Sql-server – XML column performance in TSQL

sql server 2014sql-server-2016t-sqlxml

I'm finding very limited reading on how a large xml column affects table performance in sql server 2014/6. For reference, it is a 36gig table and minus one xml column, it is 36megs. Some queries call for the column (usually single row requests), most do not. Is there a significant performance benefit to breaking that xml column out to its own linked table?

Best Answer

The database engine is pretty smart about this and does not read LOB pages unless it has to as far as I can tell, but I created a test-rig to double-check.

Test Rig

USE master
GO

SET NOCOUNT ON
GO

CREATE DATABASE bigXMLTest
GO
ALTER DATABASE bigXMLTest SET RECOVERY SIMPLE
GO
ALTER DATABASE bigXMLTest MODIFY FILE ( NAME = N'bigXMLTest', SIZE = 20GB , FILEGROWTH = 128MB )
GO
ALTER DATABASE bigXMLTest MODIFY FILE ( NAME = N'bigXMLTest_log', SIZE = 512MB )
GO


USE bigXMLTest
GO

IF OBJECT_ID('dbo.largeTable') IS NOT NULL DROP TABLE dbo.largeTable
GO

CREATE TABLE dbo.largeTable (

    rowId INT IDENTITY PRIMARY KEY,

    someDate    DATETIME DEFAULT GETDATE(),
    someData    UNIQUEIDENTIFIER DEFAULT NEWID(),
    someXML     XML NOT NULL
)
GO


-- Add dummy data
;WITH cte AS (
SELECT TOP 100000 ROW_NUMBER() OVER ( ORDER BY ( SELECT 1 ) ) rn
FROM master.sys.columns c1
    CROSS JOIN master.sys.columns c2
    CROSS JOIN master.sys.columns c3
)
INSERT INTO dbo.largeTable ( someDate, someData, someXML )
SELECT
    DATEADD( day, rn % 333, '1 Jan 2016' ), 
    NEWID(), 
    ( SELECT TOP 100 * FROM sys.messages WHERE language_id = 1033 FOR XML PATH, ROOT('root'), TYPE )    -- creates 24k size piece of XML on my machine
FROM cte

CHECKPOINT
GO 10

EXEC sp_spaceused 'dbo.largeTable'
GO

This creates a test table with 1 million rows, the non-XML data around 36MB and the XML data about 23GB.

Test Queries

--DROP INDEX _udx ON dbo.largeTable

DBCC FREEPROCCACHE
DBCC DROPCLEANBUFFERS

SELECT *
FROM dbo.largeTable

DBCC FREEPROCCACHE
DBCC DROPCLEANBUFFERS

SELECT rowId, someDate, someData    --, someXML
FROM dbo.largeTable

-- Add covering index for the query
CREATE UNIQUE INDEX _udx ON dbo.largeTable ( rowId ) INCLUDE ( someDate, someData )

DBCC FREEPROCCACHE
DBCC DROPCLEANBUFFERS

SELECT *
FROM dbo.largeTable

DBCC FREEPROCCACHE
DBCC DROPCLEANBUFFERS

SELECT rowId, someDate, someData    --, someXML
FROM dbo.largeTable

Test Results

Test results

Analysis

Query 1: A select *... causes a full table scan, so the database engine does a high number of LOB reads to read the XML which is stored out of row in LOB pages.

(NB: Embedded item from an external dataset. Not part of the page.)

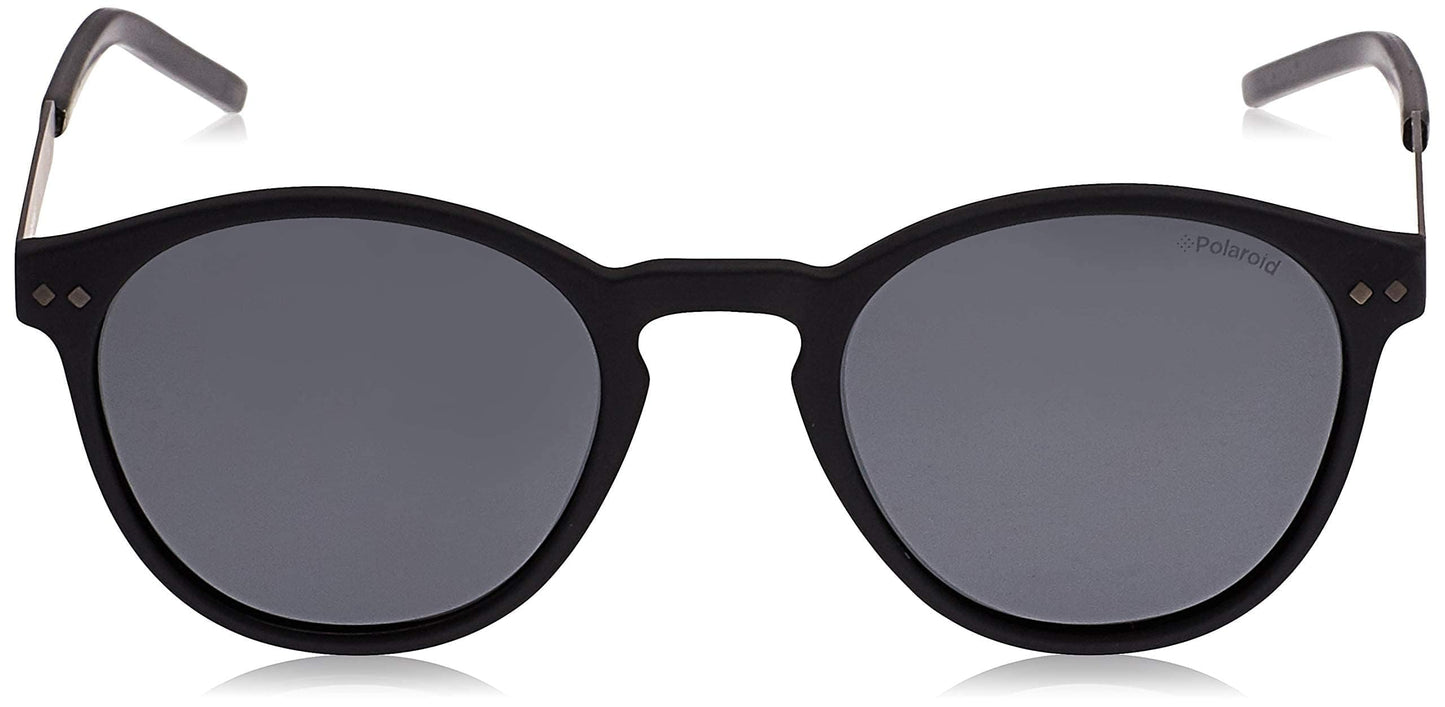 Polaroid Sunglasses Women's PLD1029/S Oval Sunglasses, MTT BLACK, 50 mm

XML can be stored in-row if it's small enough, but the default is out-of-row. This query takes 5 minutes, ie if you are reading LOB pages on a table like this, you will know about it.

Query 2 A select with column list not including the XML column, has the same number of logical reads in the top window (11,154), but no LOB reads. The query takes less than a second.

Query 3: After the non-clustered index has been added, a select * still causes a full table scan as expected. This query behaves the same as Query 1.

Query 4: After the non-clustered index has been added, it covers the select with column list query so there is a non-clustered index scan with no LOB reads and lower logical reads overall.

The LOB Reads looks like a broad categorisation as the XML storage pages are classed as TEXT_MIX_PAGE in the sys.dm_db_database_page_allocations DMV:

DMV results

In summary, it looks like there would be little benefit to splitting the same as the database engine can differentiate when and when not to perform LOB reads in this admittedly simple test rig. See here for some further details.